CST Industries, Inc. v. Tank Connections, L.L.C
2:23-cv-02339
D. Kan.Jul 9, 2024Background
- CST Industries, Inc. ("CST") and Tank Connection, L.L.C. ("Tank") are competitors bidding to be the roof subcontractor for the Byrd Park Reservoir Rehabilitation Project in Richmond, Virginia.
- CST alleges Tank used CST's confidential information and misrepresented employee qualifications to obtain the subcontract, even though Tank was not pre-approved by the City and relied on former CST employees' claimed experience.
- CST asserts several claims, including tortious interference, violation of the Defend Trade Secrets Act (DTSA), civil conspiracy, aiding and abetting, and unfair competition against Tank, Crowder Construction (the general contractor), and certain individuals.
- Tank and its Liquid Market Manager (LaForge) moved to dismiss several counts under Rule 12(b)(6), arguing the Amended Complaint fails to state plausible claims.
- The court addresses which claims are legally sufficient under Missouri law and the plausibility standard at the motion to dismiss phase.
Issues
| Issue | Plaintiff's Argument | Defendant's Argument | Held |
|---|---|---|---|
| Tortious interference with contract | Tank knowingly caused breaches of CST confidentiality agreements | No facts showing Tank caused/induced breach; no plausible allegation | Sufficiently pled for at least one contract; NOT dismissed |
| Tortious interference with business expectancy | Tank used misrepresentation and confidential info to interfere | Interference was justified; no improper means alleged | Sufficiently pled; NOT dismissed (against both Tank and LaForge) |
| DTSA (trade secrets misappropriation) | CST's design and calculation methods are trade secrets misused by Tank | No plausible facts Tank obtained/used trade secrets, just speculations | Complaint doesn't plausibly allege misappropriation; DISMISSED |
| Civil conspiracy | Tank conspired to interfere based on tortious interference | Claim fails if underlying tort fails | Underlying tort plausibly alleged; NOT dismissed |
| Aiding and abetting | Missouri recognizes aiding/abetting as a standalone tort | Missouri Supreme Court has not adopted such a tort generally | Missouri law does not recognize claim here; DISMISSED |
Key Cases Cited
- Ashcroft v.
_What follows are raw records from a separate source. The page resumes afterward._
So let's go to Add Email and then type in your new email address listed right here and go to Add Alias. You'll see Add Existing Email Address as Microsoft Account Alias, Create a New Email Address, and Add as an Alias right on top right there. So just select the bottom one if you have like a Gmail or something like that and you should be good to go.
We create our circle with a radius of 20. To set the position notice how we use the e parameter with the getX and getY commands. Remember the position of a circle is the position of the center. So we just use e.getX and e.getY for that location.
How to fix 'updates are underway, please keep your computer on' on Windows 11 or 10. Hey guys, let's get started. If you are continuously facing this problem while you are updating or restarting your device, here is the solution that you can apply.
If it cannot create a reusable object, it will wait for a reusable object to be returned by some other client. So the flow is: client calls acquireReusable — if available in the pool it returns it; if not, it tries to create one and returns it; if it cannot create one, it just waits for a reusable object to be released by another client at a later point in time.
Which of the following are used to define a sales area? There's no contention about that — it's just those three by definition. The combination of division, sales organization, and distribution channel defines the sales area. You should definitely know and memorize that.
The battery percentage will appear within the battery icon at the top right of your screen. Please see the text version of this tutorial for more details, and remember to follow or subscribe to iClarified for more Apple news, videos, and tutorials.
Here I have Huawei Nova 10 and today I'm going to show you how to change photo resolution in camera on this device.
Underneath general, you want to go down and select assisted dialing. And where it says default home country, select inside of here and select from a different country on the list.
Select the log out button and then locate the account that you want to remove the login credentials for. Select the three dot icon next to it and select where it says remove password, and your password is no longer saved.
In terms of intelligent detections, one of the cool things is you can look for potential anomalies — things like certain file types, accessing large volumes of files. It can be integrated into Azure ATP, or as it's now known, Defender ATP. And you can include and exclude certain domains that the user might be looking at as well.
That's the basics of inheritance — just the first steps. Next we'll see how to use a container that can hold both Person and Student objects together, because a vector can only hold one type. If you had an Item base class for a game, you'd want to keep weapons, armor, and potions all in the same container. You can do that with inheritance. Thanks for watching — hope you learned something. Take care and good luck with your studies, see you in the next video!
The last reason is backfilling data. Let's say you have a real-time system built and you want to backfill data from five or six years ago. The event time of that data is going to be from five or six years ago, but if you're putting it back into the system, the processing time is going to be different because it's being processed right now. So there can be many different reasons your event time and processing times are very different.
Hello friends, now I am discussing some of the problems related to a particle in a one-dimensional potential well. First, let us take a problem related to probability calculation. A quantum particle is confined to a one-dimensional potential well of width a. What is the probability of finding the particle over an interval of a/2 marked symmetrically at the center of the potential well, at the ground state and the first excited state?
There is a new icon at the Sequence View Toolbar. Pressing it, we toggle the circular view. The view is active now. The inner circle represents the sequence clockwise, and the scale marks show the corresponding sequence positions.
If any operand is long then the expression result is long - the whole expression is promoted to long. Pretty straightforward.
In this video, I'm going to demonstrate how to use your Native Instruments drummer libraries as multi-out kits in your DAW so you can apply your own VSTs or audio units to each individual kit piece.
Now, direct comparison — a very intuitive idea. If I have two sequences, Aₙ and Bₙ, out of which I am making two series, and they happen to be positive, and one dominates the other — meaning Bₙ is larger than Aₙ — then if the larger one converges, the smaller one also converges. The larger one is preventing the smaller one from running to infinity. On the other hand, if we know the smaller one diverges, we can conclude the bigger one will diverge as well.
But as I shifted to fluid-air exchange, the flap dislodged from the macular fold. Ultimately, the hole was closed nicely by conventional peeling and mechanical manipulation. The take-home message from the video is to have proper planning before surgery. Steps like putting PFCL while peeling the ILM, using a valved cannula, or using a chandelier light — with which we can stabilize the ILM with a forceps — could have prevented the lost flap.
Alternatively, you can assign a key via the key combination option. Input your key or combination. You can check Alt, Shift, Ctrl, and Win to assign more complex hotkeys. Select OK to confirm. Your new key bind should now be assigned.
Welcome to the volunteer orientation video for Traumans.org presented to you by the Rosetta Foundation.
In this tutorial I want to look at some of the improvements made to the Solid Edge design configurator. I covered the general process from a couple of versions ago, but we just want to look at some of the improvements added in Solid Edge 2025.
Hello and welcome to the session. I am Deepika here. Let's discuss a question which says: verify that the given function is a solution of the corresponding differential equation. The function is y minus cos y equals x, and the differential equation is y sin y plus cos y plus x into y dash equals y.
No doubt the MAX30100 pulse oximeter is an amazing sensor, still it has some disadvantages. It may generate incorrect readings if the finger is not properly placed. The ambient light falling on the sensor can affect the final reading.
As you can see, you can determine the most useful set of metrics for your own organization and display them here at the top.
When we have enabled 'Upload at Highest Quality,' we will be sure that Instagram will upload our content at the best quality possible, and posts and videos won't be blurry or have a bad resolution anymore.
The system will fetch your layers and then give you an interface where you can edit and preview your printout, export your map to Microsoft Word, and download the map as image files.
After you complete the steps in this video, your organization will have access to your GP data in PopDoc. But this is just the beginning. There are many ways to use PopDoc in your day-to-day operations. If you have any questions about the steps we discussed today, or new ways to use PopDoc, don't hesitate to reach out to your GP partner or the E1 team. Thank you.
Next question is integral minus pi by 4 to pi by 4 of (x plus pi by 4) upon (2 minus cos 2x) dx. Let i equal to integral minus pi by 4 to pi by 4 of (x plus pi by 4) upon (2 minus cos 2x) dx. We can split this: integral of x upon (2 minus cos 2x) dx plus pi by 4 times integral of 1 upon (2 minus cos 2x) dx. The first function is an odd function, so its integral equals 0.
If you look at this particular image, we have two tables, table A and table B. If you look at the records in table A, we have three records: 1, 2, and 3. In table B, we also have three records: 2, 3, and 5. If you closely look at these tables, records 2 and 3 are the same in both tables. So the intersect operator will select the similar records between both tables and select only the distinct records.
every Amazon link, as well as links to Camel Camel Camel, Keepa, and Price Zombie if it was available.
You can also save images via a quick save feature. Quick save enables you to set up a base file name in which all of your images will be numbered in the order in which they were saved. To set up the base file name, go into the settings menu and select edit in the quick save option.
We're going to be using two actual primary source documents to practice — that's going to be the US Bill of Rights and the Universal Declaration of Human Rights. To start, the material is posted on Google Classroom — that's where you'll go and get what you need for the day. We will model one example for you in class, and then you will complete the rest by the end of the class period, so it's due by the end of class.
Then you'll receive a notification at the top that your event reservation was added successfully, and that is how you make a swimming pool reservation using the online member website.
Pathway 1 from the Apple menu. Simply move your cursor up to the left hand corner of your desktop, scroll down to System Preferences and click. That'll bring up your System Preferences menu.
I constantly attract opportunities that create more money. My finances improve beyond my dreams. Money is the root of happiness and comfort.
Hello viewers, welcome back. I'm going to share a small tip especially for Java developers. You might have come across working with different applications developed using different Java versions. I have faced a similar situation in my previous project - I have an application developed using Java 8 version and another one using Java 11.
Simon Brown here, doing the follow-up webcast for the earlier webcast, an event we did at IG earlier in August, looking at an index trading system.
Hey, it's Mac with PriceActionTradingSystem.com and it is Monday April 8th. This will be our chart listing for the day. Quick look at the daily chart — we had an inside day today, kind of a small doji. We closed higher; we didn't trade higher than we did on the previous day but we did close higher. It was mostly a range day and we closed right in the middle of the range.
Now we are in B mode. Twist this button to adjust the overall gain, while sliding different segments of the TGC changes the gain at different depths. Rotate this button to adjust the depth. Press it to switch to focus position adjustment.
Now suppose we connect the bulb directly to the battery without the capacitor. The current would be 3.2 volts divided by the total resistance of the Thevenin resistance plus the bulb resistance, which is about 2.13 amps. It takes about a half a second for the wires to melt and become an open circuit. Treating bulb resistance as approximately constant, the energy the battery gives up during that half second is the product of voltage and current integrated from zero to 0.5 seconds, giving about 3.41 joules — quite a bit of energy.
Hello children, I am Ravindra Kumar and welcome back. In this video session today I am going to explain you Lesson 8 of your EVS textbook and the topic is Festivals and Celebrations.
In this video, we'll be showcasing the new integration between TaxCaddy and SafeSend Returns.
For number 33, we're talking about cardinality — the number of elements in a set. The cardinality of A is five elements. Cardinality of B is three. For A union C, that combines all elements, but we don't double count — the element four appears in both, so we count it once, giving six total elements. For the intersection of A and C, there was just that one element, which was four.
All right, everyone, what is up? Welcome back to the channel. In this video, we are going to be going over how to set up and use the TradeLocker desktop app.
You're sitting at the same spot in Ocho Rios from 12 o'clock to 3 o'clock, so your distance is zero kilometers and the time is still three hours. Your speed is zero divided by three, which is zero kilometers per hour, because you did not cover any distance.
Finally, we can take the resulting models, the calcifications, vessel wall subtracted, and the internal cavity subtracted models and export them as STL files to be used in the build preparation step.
Iqbal, 556 U.S. 662 (plausibility standard for motions to dismiss)
- Bell Atl. Corp. v. Twombly, 550 U.S. 544 (pleading standard requirement)
- W. Blue Print Co. v. Roberts, 367 S.W.3d 7 (tortious interference elements under Missouri law)
- Farrow v. St. Francis Med. Ctr., 407 S.W.3d 579 (defining "improper means" for tortious interference in Missouri)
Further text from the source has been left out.